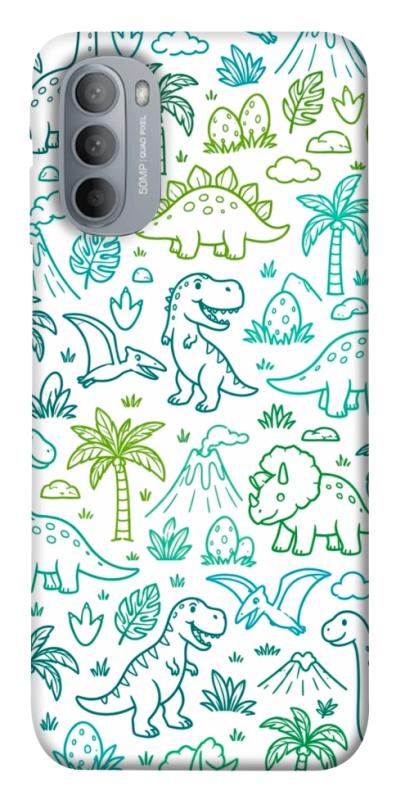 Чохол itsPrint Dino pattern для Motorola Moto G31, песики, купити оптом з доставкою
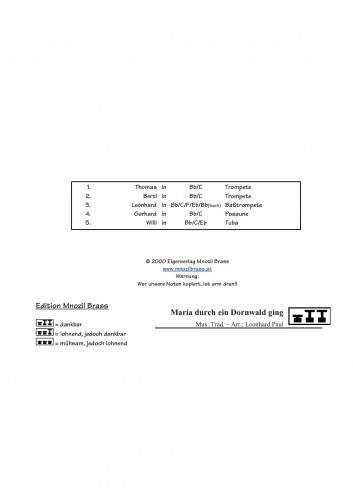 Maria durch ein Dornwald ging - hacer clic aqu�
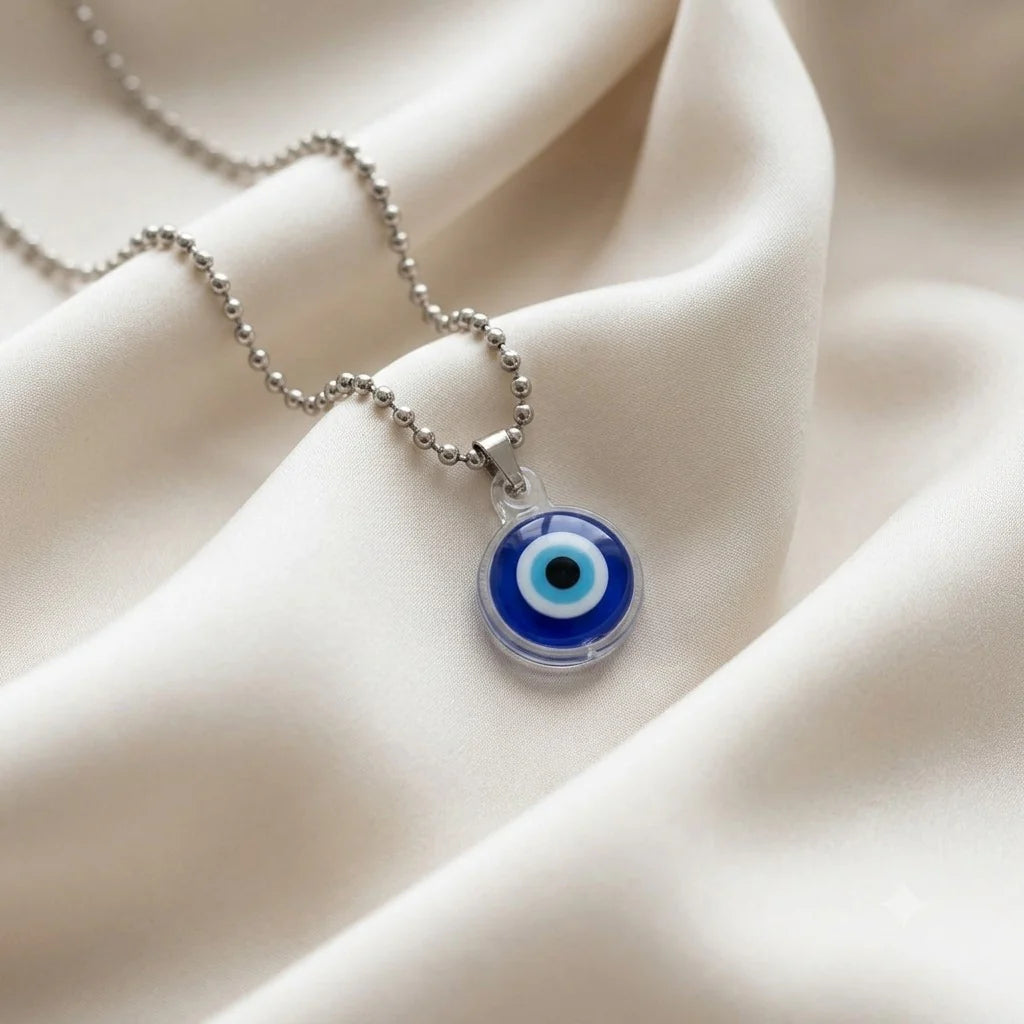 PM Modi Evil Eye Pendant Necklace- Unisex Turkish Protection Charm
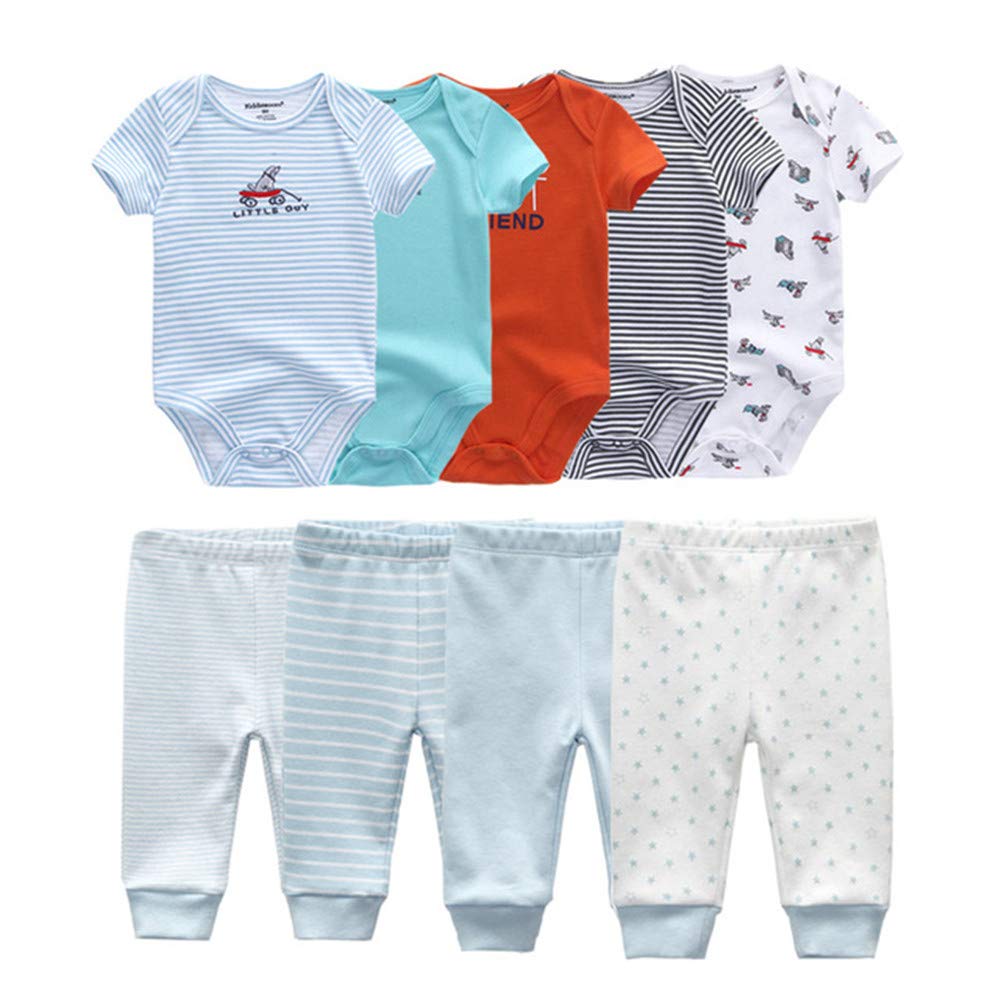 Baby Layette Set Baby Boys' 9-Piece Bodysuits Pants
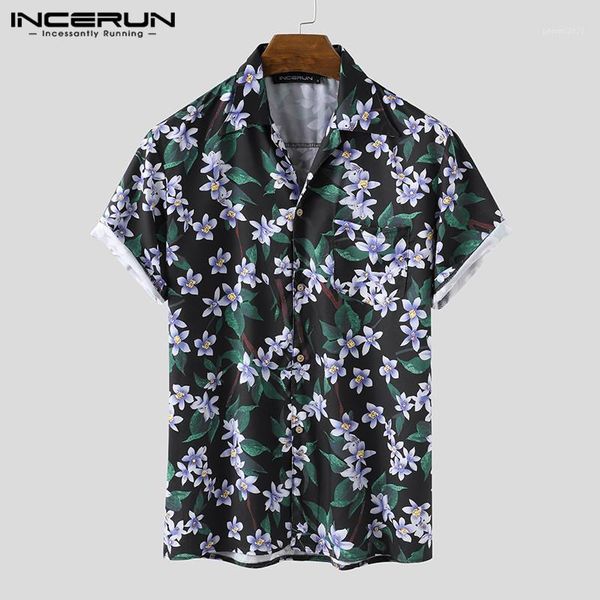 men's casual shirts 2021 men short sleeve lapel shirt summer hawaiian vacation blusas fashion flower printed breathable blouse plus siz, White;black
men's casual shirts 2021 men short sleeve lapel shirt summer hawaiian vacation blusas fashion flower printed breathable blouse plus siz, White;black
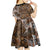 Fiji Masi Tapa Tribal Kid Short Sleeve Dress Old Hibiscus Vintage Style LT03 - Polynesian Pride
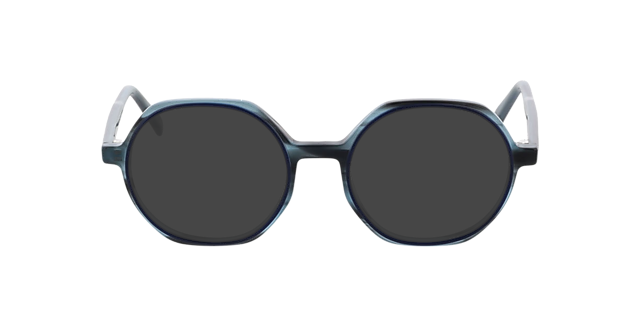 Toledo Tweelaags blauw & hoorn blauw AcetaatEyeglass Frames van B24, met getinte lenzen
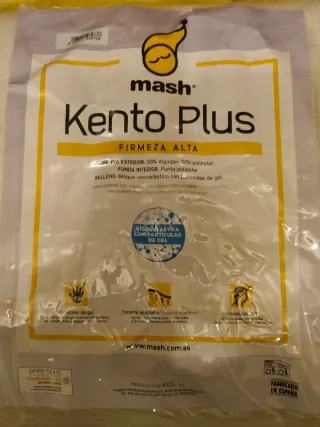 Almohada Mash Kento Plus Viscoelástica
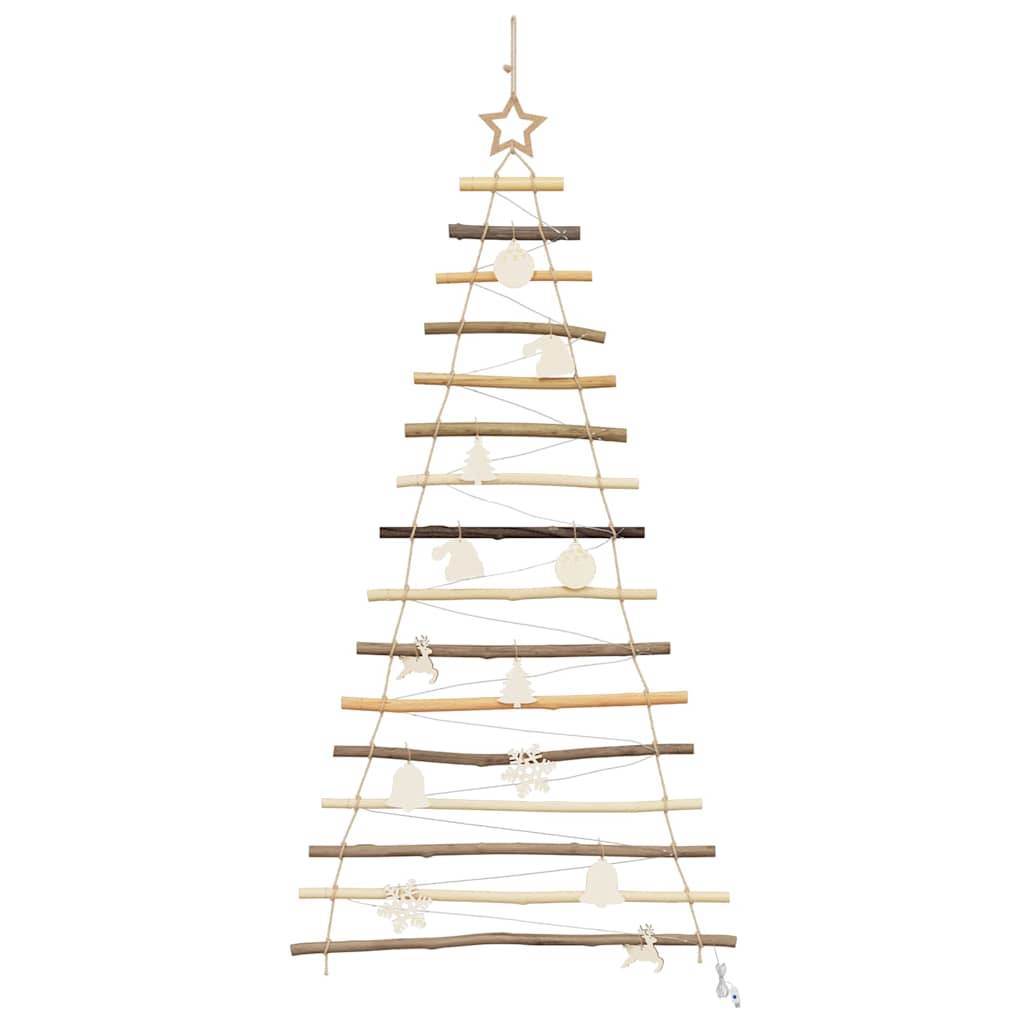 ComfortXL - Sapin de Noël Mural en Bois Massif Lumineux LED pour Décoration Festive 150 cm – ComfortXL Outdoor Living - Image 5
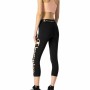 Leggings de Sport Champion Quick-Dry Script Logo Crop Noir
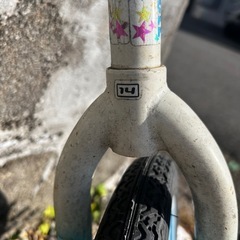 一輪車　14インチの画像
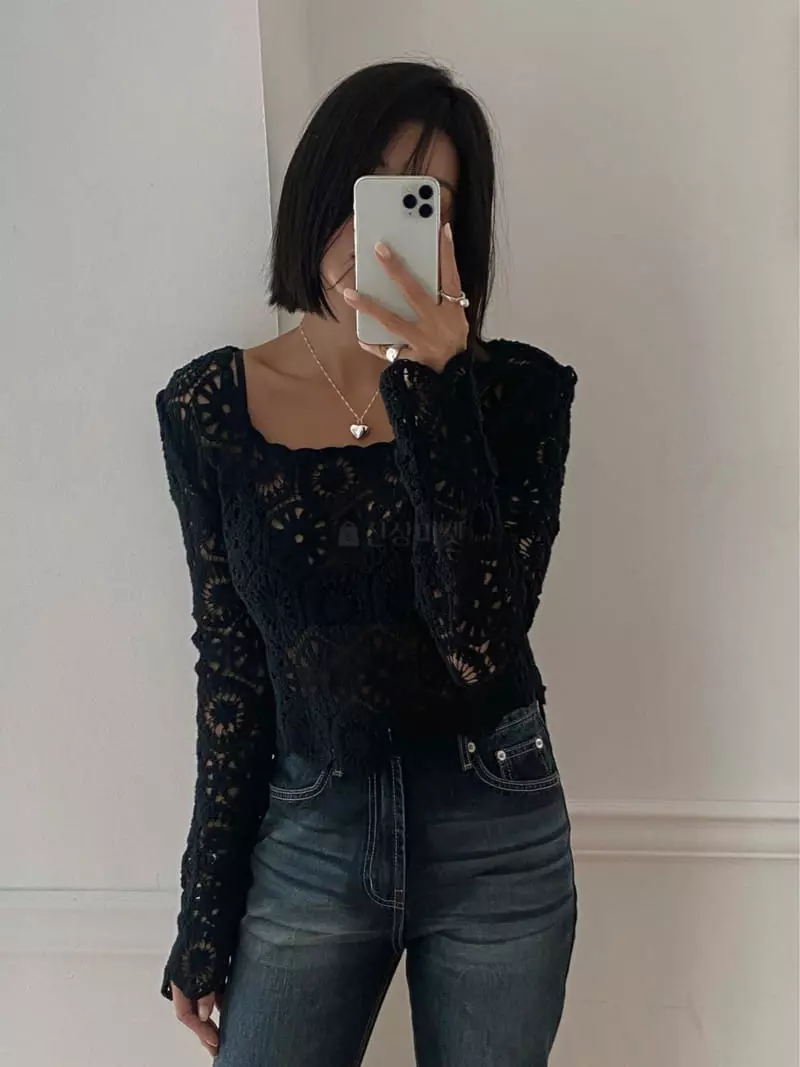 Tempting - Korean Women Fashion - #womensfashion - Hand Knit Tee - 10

=======

§ What the exercise asks
All the lines above should be reproduced exactly, and none of the pictures.

§ Answer for the task
 Чохол itsPrint Dino pattern для Motorola Moto G31, песики, купити оптом з доставкою
 Maria durch ein Dornwald ging - hacer clic aqu�
 PM Modi Evil Eye Pendant Necklace- Unisex Turkish Protection Charm
 Baby Layette Set Baby Boys' 9-Piece Bodysuits Pants
 men's casual shirts 2021 men short sleeve lapel shirt summer hawaiian vacation blusas fashion flower printed breathable blouse plus siz, White;black
men's casual shirts 2021 men short sleeve lapel shirt summer hawaiian vacation blusas fashion flower printed breathable blouse plus siz, White;black
 Fiji Masi Tapa Tribal Kid Short Sleeve Dress Old Hibiscus Vintage Style LT03 - Polynesian Pride
 Toledo Tweelaags blauw & hoorn blauw AcetaatEyeglass Frames van B24, met getinte lenzen
 Almohada Mash Kento Plus Viscoelástica
 ComfortXL - Sapin de Noël Mural en Bois Massif Lumineux LED pour Décoration Festive 150 cm – ComfortXL Outdoor Living - Image 5
 Leggings de Sport Champion Quick-Dry Script Logo Crop Noir
 一輪車　14インチの画像
 Tempting - Korean Women Fashion - #womensfashion - Hand Knit Tee - 10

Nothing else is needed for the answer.